<<<<

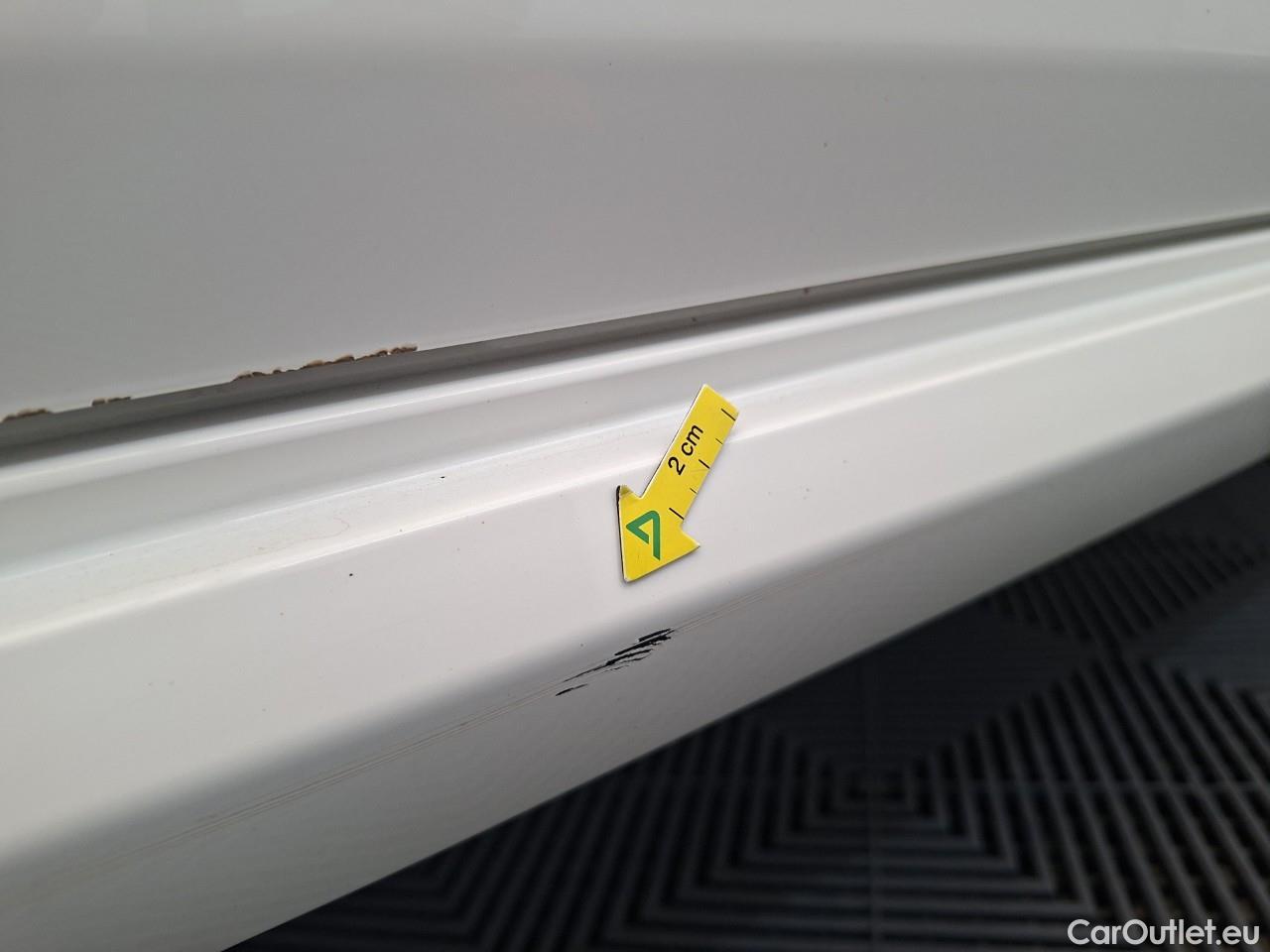  Toyota  Corolla 1.8 Hybrid Business HSD E-CVT #13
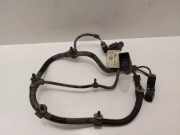 Kabelbaum VW Transporter T5 Kasten () 7E0971478C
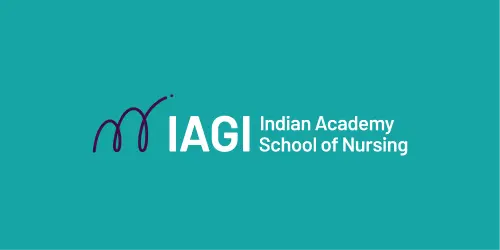 IASN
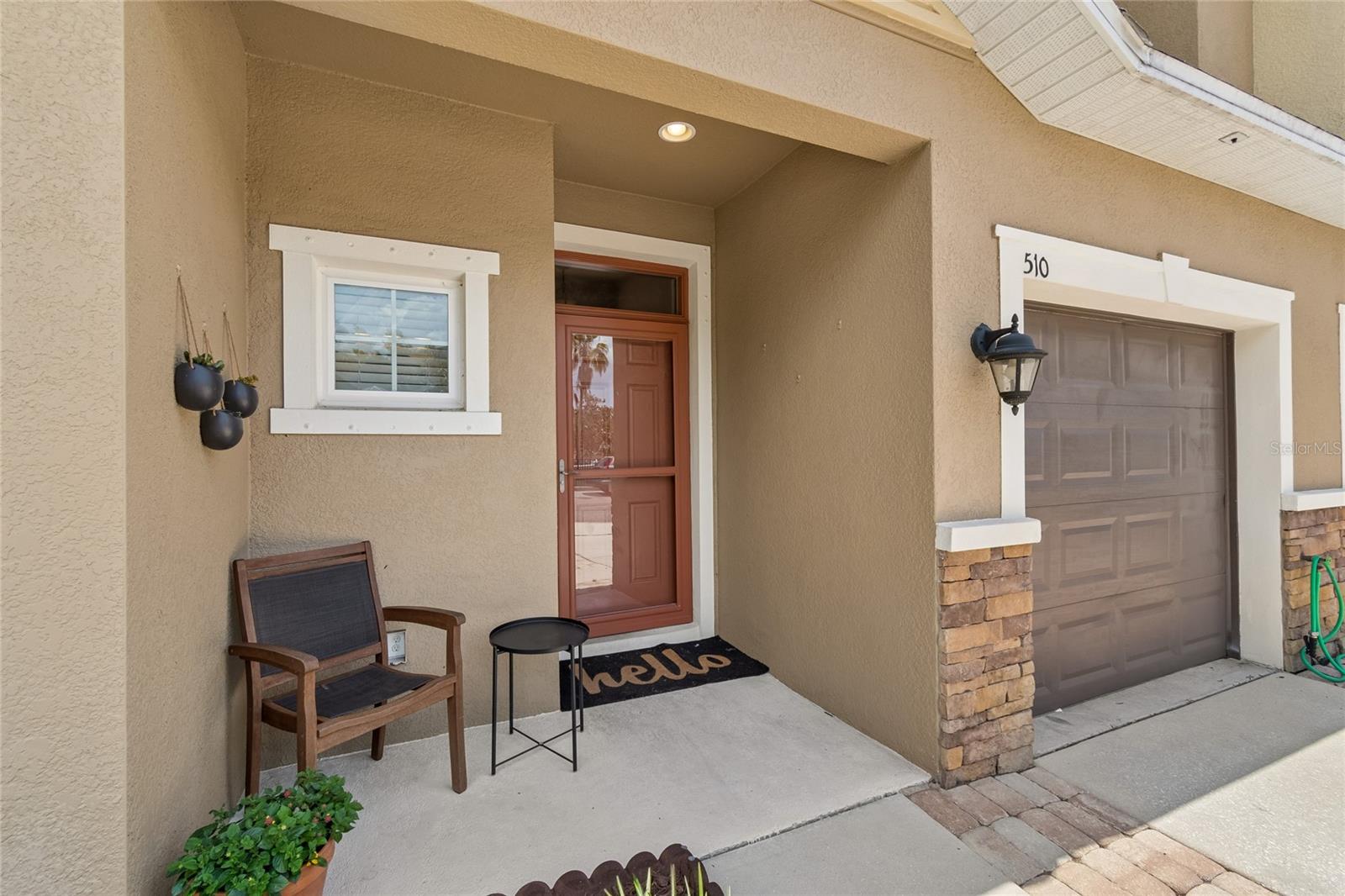 Image 2 of 40 For 510 Cabernet Way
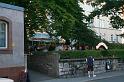 IMG_0055a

>>>>

What the exercise asks ::
Output each entry shown above exactly as it stands, with all pictures removed.

Task answer ::
  Toyota  Corolla 1.8 Hybrid Business HSD E-CVT #13
 Kabelbaum VW Transporter T5 Kasten () 7E0971478C
 IASN
 Image 2 of 40 For 510 Cabernet Way
 IMG_0055a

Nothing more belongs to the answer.